Based upon plaintiffs' submission, respondent vacated the unit on January 5, 2017, with the lease set to expire on its own terms on March 31, 2017. The rent ledger (exhibit B) demonstrates a base rent arrears balance of $2,828.68 as of January 31, 2017. Excluding legal fees, the balance comes to $2,489.00. The monthly rent as of the defendant's vacancy on January 5, 2017, is $1,089.05 (exhibit A). As the renewal leasing agreement terminated on March 31, 2017, (exhibit A) the sum awarded is composed of the base rent arrears balance as of January 31, 2017, and two subsequent months of rent, in the amount of $1,089.05 for nonpayment of rent for February and March 2017 for a total of $4,676.10.[FN1]

New York Courts have consistently held that the party seeking an award of attorneys' fees has the burden of proof in demonstrating the applicable provision, statute or clause for such an award (Orlowski v Koroleski, 234 AD2d 436, 437 [2d Dept 1996] ["attorney's fees are incidents of litigation and the prevailing party may not collect them from the losing party unless an award is authorized by express agreement between the parties, by statute, or by court rule"]). Here, the Court finds the plaintiff's claim for attorney fees is denied as neither the attorney affidavit (exhibit C) nor the lease agreement (exhibit A) as submitted demonstrate any applicable attorney fee provision.

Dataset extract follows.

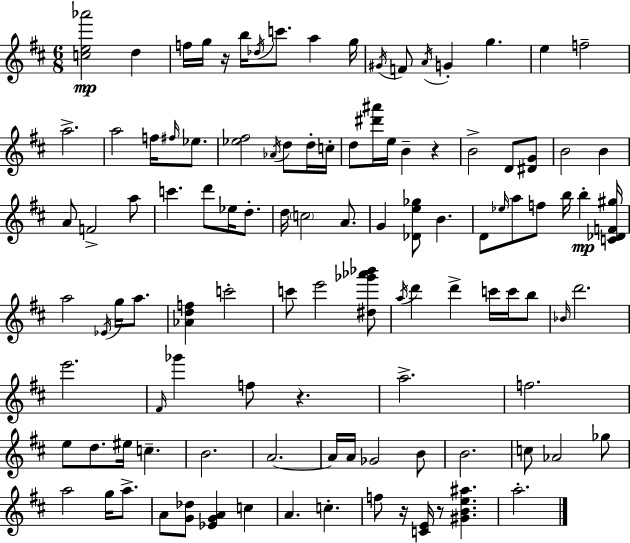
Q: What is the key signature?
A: D major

Accordingly, it is hereby ORDERED that the motion is granted without opposition in part with respect to the first cause of action and otherwise denied; and the Clerk of the Court is directed to enter judgment in favor of plaintiff 1530 PLIMPCO, LLC, against defendant [*3]REGINA FERRELL in the sum of $4,676.10, with interest at the rate of 2% from March 1, 2017 and together with costs and disbursements as taxed by the Clerk upon submission of an appropriate bill of costs; and it is further

ORDERED that counsel for plaintiff serve copy of this order with notice of entry upon defendant within 30 days of entry.

This constitutes the decision and order of the Court.

DATED: October 3, 2025
Brooklyn, New York
ENTER:
RENA MALIK
Judge of the Civil Court

Footnotes


Footnote 1:The Court applied the law in effect in 2017 prior to the adoption of Real Property Law 227-E, which now requires landlord to mitigate its damages when a residential apartment is vacated prior to the end of term.